# CS 5540 - Group 1 - Apache Spark Assignment

This is the submission document for our programming assignment over Apache Spark. 

The submission was written as a Jupyter notebook but will be exported to a PDF for submission. We can provide the GitHub repo or the original Jupyter notebook if requested.

In [9]:
from pyspark.sql import SparkSession
from pyspark import SparkContext
from pyspark.sql.functions import col, split, explode

spark = SparkSession.builder\
    .appName("my-spark-app")\
    .config("spark.sql.catalogImplementation", "hive")\
    .getOrCreate()
sc = SparkContext.getOrCreate()

## Table of Contents

1. [Team Members](#team-members)

## Team Members

This assignment was completed by the following team members (Group 1):

- Ayushman Das
- Koti Paruchuri
- Odai Athamneh
- Scott Brunton
- Varshith Thota

## Question 1

Question 1 is as follows: 

> Given file (`/data/shakespeare-1.txt`) contains the scenes from Shakespeare’s plays. You may use this 
file as an input dataset to identify the following notes for a student of Classical Drama.

In [16]:
# load the text file into a dataframe
df = spark.read.text("data/shakespeare-1.txt")

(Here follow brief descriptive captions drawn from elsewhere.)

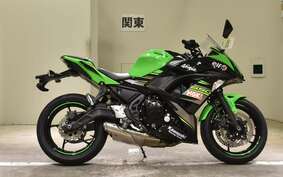 KAWASAKI NINJA 650 A ER650H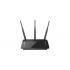 Router D-Link Fast Ethernet DIR-809 AC750, 750 Mbit/s, 2.4/5GHz, 4x RJ-45, 3 Antenas Externas  1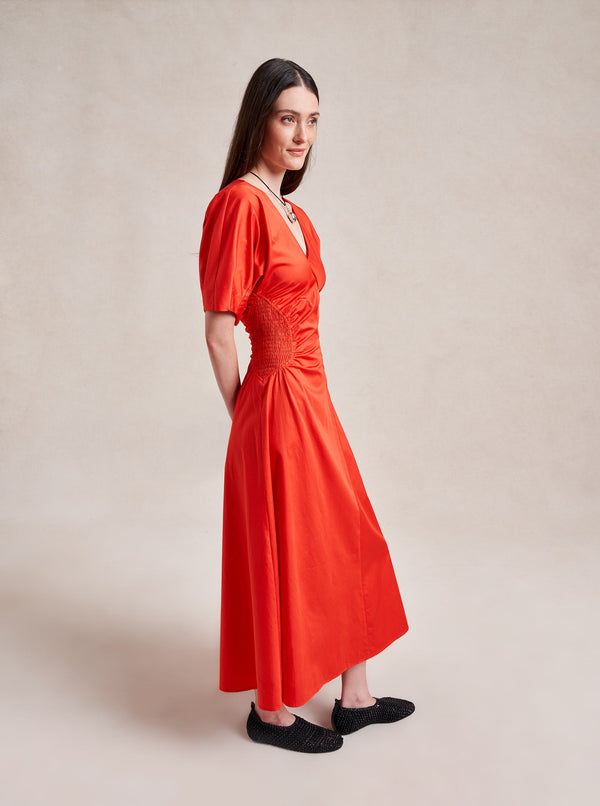 la ligne Cecile Dress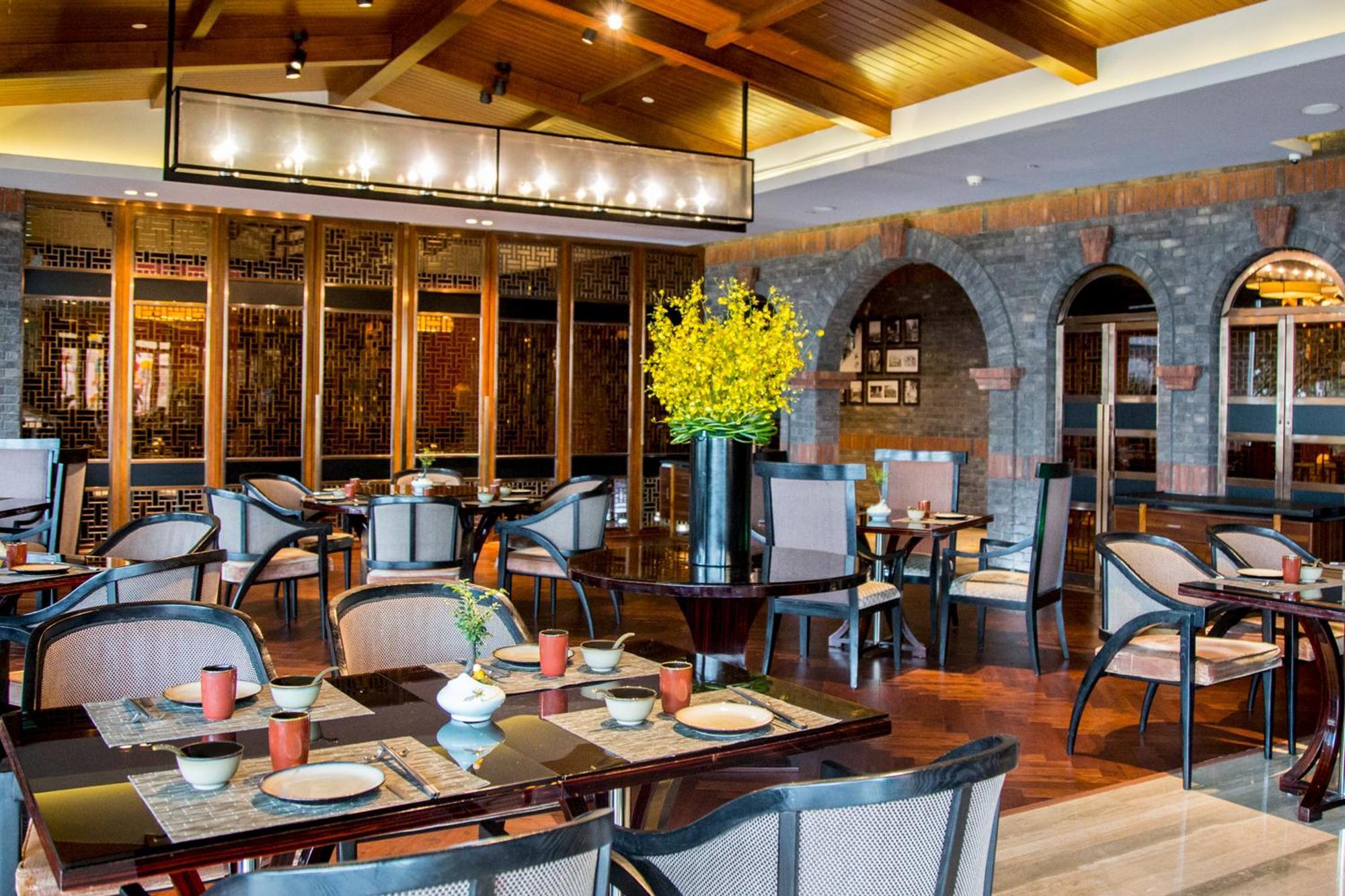 Intercontinental Changsha By Ihg Buitenkant foto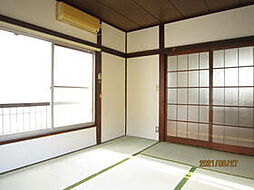 リバーコーポ 105 1階2Kのリビング/ダイニング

# split the text into words
df = df.select(split(col("value"), " ").alias("words"))

# explode the array of words into separate rows
df = df.select(explode(col("words")).alias("word"))

# show the first 5 words
df.show(5, truncate=False)


+-----+
|word |
+-----+
|This |
|is   |
|the  |
|100th|
|Etext|
+-----+
only showing top 5 rows



### Question 1.1

The question reads as follows:

> How many different countries are mentioned in the whole file? (Regardless of 
how many times a single country is mentioned, this country only contributes as a single entry). 

To address this question, we need a dataset of country names. There are many possible approaches to this problem, but we decided to use a dataset from [Kaggle](https://www.kaggle.com/datasets/fernandol/countries-of-the-world) that is sourced from the US government. This CSV file contains information on 227 present-day countries, including their names, population, and other information. We will use the `Country` column as our list of country names.

The caveat to this approach is that the dataset may not contain all countries, such as: 
- Countries that no longer exist
- Countries that are misspelled in the original Shakespearean text
- Countries where the name or spelling has changed over time

Addressing this issue is beyond the scope of this assignment and would likely require some degree of manual curation.

In [18]:
countries = spark.read.csv("data/countries.csv", header=True)
countries = countries.select("Country")
countries.show(5, truncate=False)

+---------------+
|Country        |
+---------------+
|Afghanistan    |
|Albania        |
|Algeria        |
|American Samoa |
|Andorra        |
+---------------+
only showing top 5 rows



Now that we have our list of countries, we can use a simple `.join()` to find the number of countries mentioned in the Shakespearean text. We will use the `Country` column as our key and perform an inner join with the Shakespearean text. This will return a new DataFrame with only the rows that have a match in both DataFrames. We can then use `.count()` to get the number of rows in the resulting DataFrame.

In [24]:
df.join(countries, df.word == countries.Country, "inner").show(5, truncate=False)
# df.join(countries, df.word == "Egypt", "inner").show(5, truncate=False)
# df.count()

+----+-------+
|word|Country|
+----+-------+
+----+-------+

+-----+---------------+
|word |Country        |
+-----+---------------+
|Egypt|Afghanistan    |
|Egypt|Albania        |
|Egypt|Algeria        |
|Egypt|American Samoa |
|Egypt|Andorra        |
+-----+---------------+
only showing top 5 rows



1418390